I am currently trying to implement some code using @scalar_rule for a custom gradient for a very important group of functions in Physics and Engineering, the spherical bessel functions, in this case particularly of order 0. Despite being a Holomorphic, and in fact an Entire function, I usually write this function with an exception:

``````j0(x::Number) = iszero(x) ? one(x) : sin(x)/x
``````

This creates problems when trying to use automatic differentiation, as ChainRules.jl and Flux.jl do not function well on that exception point, despite a derivative existing and being continuous everywhere, including the origin. In the past, I have skirted around this issue by adding an eps to the numerator and denominator to avoid making an exception for 0, but I’d like to do this properly. I found what I thought was the solution for my problem in the macro @scalar_rule.

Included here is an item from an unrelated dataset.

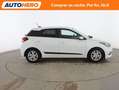 Hyundai i20 1.2 Go Blanc - thumbnail 7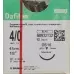 DAFILON 45CM BLAU 16 4-0 DAFILON 45CM BLAU 16 4-0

I defined the derivative explicitly as a separate function and created the rule:

``````using ChainRules, Flux
import ChainRules: @scalar_rule
j0(x::Number) = iszero(x) ? one(x) : sin(x)/x
dj0(x::Number) = iszero(x) ? zero(x) : (x*cos(x) - sin(x))/(x^2)
@scalar_rule(j0(x), (dj0(x)))
``````

For real inputs, this solved my problem. It performs exactly as I expected it to, evading the conditional clause I put in:

``````julia>gradient(j0, 0.0)
(0.0,)
(-0.30116867893975674,)
``````

However, in my research, I often have to calculate this function and its derivative for complex input. In that case, the documentation for @scalar_rule says that the function is presumed Holomorphic, which `j0` is, meaning I expected the results to hold with no issue. However, any attempt to calculate a derivative at a complex point results in an error:

``````julia> gradient(j0, 0.0im)
ERROR: Output is complex, so the gradient is not defined.
Stacktrace:
 error(s::String)
@ Base ./error.jl:35
 sensitivity(y::ComplexF64)
@ Zygote ~/.julia/packages/Zygote/hLzJT/src/compiler/interface.jl:66
@ Zygote ~/.julia/packages/Zygote/hLzJT/src/compiler/interface.jl:97
 top-level scope
@ REPL:1
 top-level scope
@ ~/.julia/packages/CUDA/BbliS/src/initialization.jl:52
``````

Any idea what exactly my mistake might have been? I have been cracking my head at this for some time.
For the record, my system is running Arch Linux, and my Julia version is 1.8.5. I also updated all my packages right before running the test above. Any help would be very appreciated.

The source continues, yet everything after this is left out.